| Work request |
Once the line containing "Володя Высоцкий в" is found in the material below, it and every line after it should be transcribed exactly, with pictures left out and nothing added.

| Collected material |

# # #

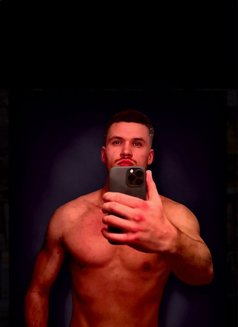 Max007 - Male escort in Berlin Photo 1 of 2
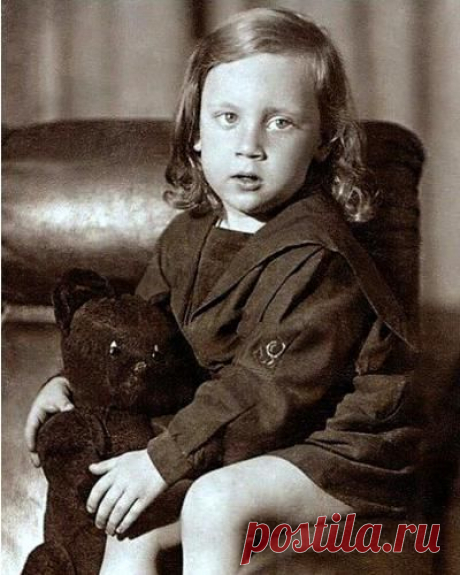 Володя Высоцкий в детстве, 3 года, июнь 1941 год Петь он любил совсем маленьким. Не очень-то понимая смысл слов, подпевал отцу: «Любимый город может спать спокойно...» или: «Три танкиста, три веселых друга, экипаж машины боевой...» Вместо «экипаж» он говорил «пекитаж».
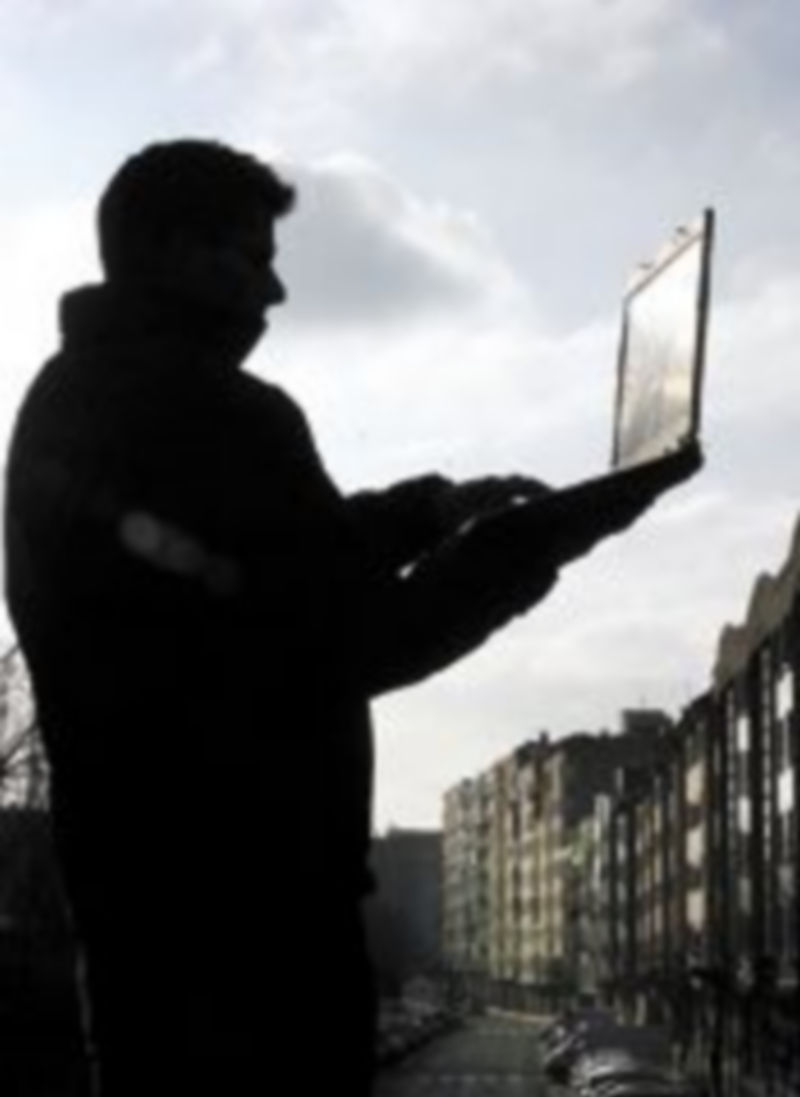 El uso de Internet pasa por el respeto a los derechos de autor. / Valdivielso.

# # #

| Exercise solution |
 Володя Высоцкий в детстве, 3 года, июнь 1941 год Петь он любил совсем маленьким. Не очень-то понимая смысл слов, подпевал отцу: «Любимый город может спать спокойно...» или: «Три танкиста, три веселых друга, экипаж машины боевой...» Вместо «экипаж» он говорил «пекитаж».
 El uso de Internet pasa por el respeto a los derechos de autor. / Valdivielso.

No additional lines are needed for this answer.